29 And Abimelech said to Abraham, “What are these seven ewes which you have set by themselves?”
30 And he [Abraham] said, “Because you are to take these seven ewes from me, that it may serve me as witness that I have dug this well.”
31 Therefore that place was called Beer-sheba because there the two of them took an oath.
32 They entered into a covenant at Beer-sheba; Abimelech arose, and Phicol, general of his legion, and they returned to the land of the Philistines.
So it seems the seven ewes are symbolic, to the point where Abimelech’s acceptance of them will serve to confirm the fact that the well belongs to Abraham.
According to Louis Ginzberg (Legends of the Bible), midrash provides us with at least a couple interesting twists to this story, including to answer the question of why seven ewes, and why the need to deal with the well at all?
As for why seven, midrash suggests that the seven sheep correspond to Abimelech’s acceptance of the 7 Noachide laws, which are said to be binding upon all men, namely (according to a cursory google search):
1. Murder is forbidden.
2. Theft is forbidden.
3. Incestuous and adulterous relations are forbidden.
4. Eating the flesh of a living animal is forbidden.
5. Idolatry is forbidden.
6. Cursing the name of HaShem is forbidden.
7. Mankind is commanded to establish courts of justice.
These, in turn, provide the foundation for what later became the three rules of Barney Fife, which he would use to introduce new prisoners to what he termed their stay at “the rock”, the first of which was stated as “first rule – obey all rules!”.
As for why hold back the ewes at all, Ginzberg and midrash tell us that Abraham’s reproval of Abimelech – corresponds with the premise that “correction leads to love”, and in turn, “there is no peace without correction” . In other words, it seems, that in order to achieve a meaningful and lasting peace, someone needs to give, and something needs to change, if even symbolically. The pact between Abimelech and Abraham was not intended to merely commemorate the status quo, without something tangible being done (confirmation of the well’s ownership, as demonstrated by the seven ewes). Are we weird people or what?
But we digress. Back to our reason for being here – Rashi. What might be troubling our sage about this scene and these verses? His words:
THAT IT MAY SERVE ME – that this act may serve me
AS WITNESS – is a feminine form for “testimony”, i.e., a female witness as in “and the monument shall be witness”
THAT I DUG [THIS] WELL – the shepherds of Abimelech were quarreling over it with the shepherds of Abraham, and saying “we dug it”. The shepherds said among themselves, “whoever will appear at the well, and the water will rise to greet him, it is his”. And the waters rose to great Abraham.

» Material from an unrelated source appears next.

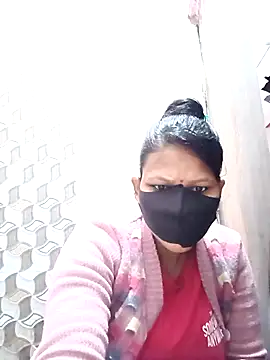 Snapshot of varnika chatting on January 19, 2026, 11:36 am varnika online show from January 19, 2026, 11:36 am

So it seems that “it may serve me” teaches us that this act, of setting aside seven ewes, will serve the purpose of confirming for all that the well is Abraham’s. Doesn’t seem debatable. Let’s move on.
Similarly, Rashi’s reference to the feminine form of testimony seems more directed to a grammar lesson (as he is wont to do) than deep meaning. Basically, he tells us that the possible confusion between the masculine and feminine verb forms that occur in these verses should not be taken to mean that Abraham addressed Abimelech himself, or in turn, that he said to him “so that you shall serve me as a witness”.
And finally, the reference to shepherds quarreling is classic Rashi – out of left field, and seemingly out of place – to the point where we begin licking our proverbial lamb chops. First, the quarreling of shepherds reminds us of the quarrel between the shepherds of Lot and Abraham, leading to the separation of their clans, with Lot hightailing it into Sodom (bad move in retrospect). In this case, the groups don’t part ways, but rather, they instead agree that one or the other has created, and therefore will own, a particular well. And they do so by letting the water decide – relying on the fact that the water apparently rises to meet Abraham as he approaches, and does not rise to meet Abimelech, thereby confirming that it belongs to Abraham.
Our first (and as far as I know, only) hygroscopic forefather.
Our study group has been off more than on this summer, but will resume on Thursday of this week, with our final lay led session before the Rabbi returns for a few weeks (before taking off again, for something called the High Holy Days).